If you just found yourself here, you’ve stumbled onto a multi-part series on the technical interviewing process. Part 1 covered the phone screen and part 2 covered the technical interview. Today we’re going to discuss the “fit” interviews, that is, team and cultural fit.

The Team Fit Interview

Modern software development is done in teams. You want to be able to judge any candidate as a productive, positive member of your team. They don't necessarily have to have experience doing things the way you do them, but they should show the ability to adapt when issues arise. Your job in the team fit interview is to break the important things that happen in your team into situations that you can ask your candidate about. The following are pretty standard examples:

However, you have to be careful here. Pretty much anyone can give you the "right" answers to these questions, but you don't want the "right" answers – you want the real answers. How does a candidate actually behave in the face of these situations?

The best way I know of to get the real answers out of someone is something called Behavioral Interviewing. The idea is simple: instead of asking someone how they would act if faced with a certain situation, ask them to describe an example in their past when they've had to deal with that situation. Discuss it with them. How did their strategy work for them? What did they learn? What would they do differently?

Just this one shift from “how would you deal with this situation” to “how did you deal with this situation” will get you a much deeper look into how a candidate actually behaves, which allows you to decide if they're a good fit for your team.

The Cultural Fit Interview

This goal of the cultural fit interview is to figure out if the candidate will like their new working environment and whether the team will be glad to have them. It's enormously important and very difficult to access. One typical way to approach this type of interview is to ask the following kinds of questions, also in a Behavioral Interviewing style:

These questions are much more vague and really meant to start a conversation, but they're also very hit-and-miss. If you happen to hit the right path, you can really crack a candidate open like a ripe nut.

Also, you want to be careful how you interpret the answers. If you don't filter out people that aren't a good fit for the culture of the company, they'll be unhappy and you'll be unhappy. On the other hand, if you filter too much, you'll lose out on the benefits of diversity. It's a hard line to walk.

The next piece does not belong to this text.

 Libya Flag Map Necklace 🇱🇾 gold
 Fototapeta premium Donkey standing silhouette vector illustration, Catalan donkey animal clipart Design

Another way to approach a culture fit interview is to get creative. Maybe invite the person to a company event, perhaps a semi-public mixer or a Friday afternoon beer bash. Maybe sit down with the team over lunch and play a game together. Maybe sit in the café and grab lunch in a small group and see how the conversation goes.

I think the key to finding a good fit culturally is to spend time with the candidate that doesn’t center around the technology you’re using to build your products. For example, involving a candidate in something that the team does for fun can go a long way towards finding a great new member for your team.

Next Time

Tune in next time for when we wrap this series up and talk about how to make the hiring decision.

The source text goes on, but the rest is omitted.